Compile the knowledge and perspectives of local fishermen to inform collaborative efforts to reduce pelagic shark mortality.
Anecdotal evidence has revealed harmful shark handling practices in Hawaiʻi's small-scale fisheries as well as fisher willingness to modify these practices following engagement with scientists. This evidence, along with the oceanic whitetip shark's (OWT) recent listing under the Endangered Species Act (ESA), creates a timely opportunity to apply a collaborative, early-engagement approach to shark mortality issues. If there are ways to reduce shark-fisher interactions, these strategies could be mutually beneficial for both shark populations and fishermen.
How do Hawaiʻi's small-scale fishers perceive/interact with:
1) One another?
2) Pelagic sharks?
3) Fisheries managers and scientists?
Fisher background (n = 28)
Our sample to date includes charter, commercial, and spearfishermen. Their pelagic fishing methods include trolling with lures and bait for sportfish, and handlining for ahi and bottomfish. All but one participant spoke of an emotional connection to fishing or being on the water. These were related variably to feelings of peace, the thrill of catching, and freedom.
Participants describe the West Hawaiʻi community as relatively harmonious and cooperative, though fishing information is shared cautiously due to high levels of fishery participation. Information related to fishery management and science is obtained (if at all) through word of mouth, social media, key community members, and Council newsletters.

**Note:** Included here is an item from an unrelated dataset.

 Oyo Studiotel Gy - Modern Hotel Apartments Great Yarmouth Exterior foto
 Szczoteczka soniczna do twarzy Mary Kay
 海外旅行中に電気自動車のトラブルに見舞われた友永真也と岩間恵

Nearly all participants view shark interactions as undesirable. Many describe them as an inevitable part of fishing in the sharks' environment. Though OWT are found reliably near buoys or following pilot whale pods, they are relatively uncommon compared to interactions with other species (among them, thresher, tiger, sandbar, mako, and Galápagos sharks). Perceptions and handling practices may be species-specific based on factors like fishing method, safety, shark behavior, and shark prevalence.
Managers and scientists
Several participants described a mistrust or perceived illegitimacy of management and scientific personnel, citing specific personal experiences. However, many also expressed appreciation for scientists' sincere efforts to engage with the fishing community. Many charter fishermen expressed lower levels of concern for and engagement by fisheries management.
We conduct a case study of West Hawaiʻi's small-scale fisheries, taking a qualitative, inductive approach to capture the social-ecological complexities of the issue. Fieldwork began in the fall of 2017 and consists primarily of semi-structured interview with fishermen. Research participants are identified through snowball sampling. Observational data is collected to complement interview data as opportunities arise (e.g. during public shark tagger training meetings or fishing charters).
An awareness campaign may have potential to change fisher attitudes and behaviors toward OWT due to the infrequency of OWT encounters and lack of widespread knowledge about its ESA status. Scientists and managers may benefit from social media or key community actors for their outreach efforts. Additionally, the fact that interactions between sharks and fishers are highly undesirable means reducing them can become a collective goal shared by fishers, scientists, and managers. Successful collaboration, however, hinges on trust building between these actors and defining tangible benefits for participating fishers.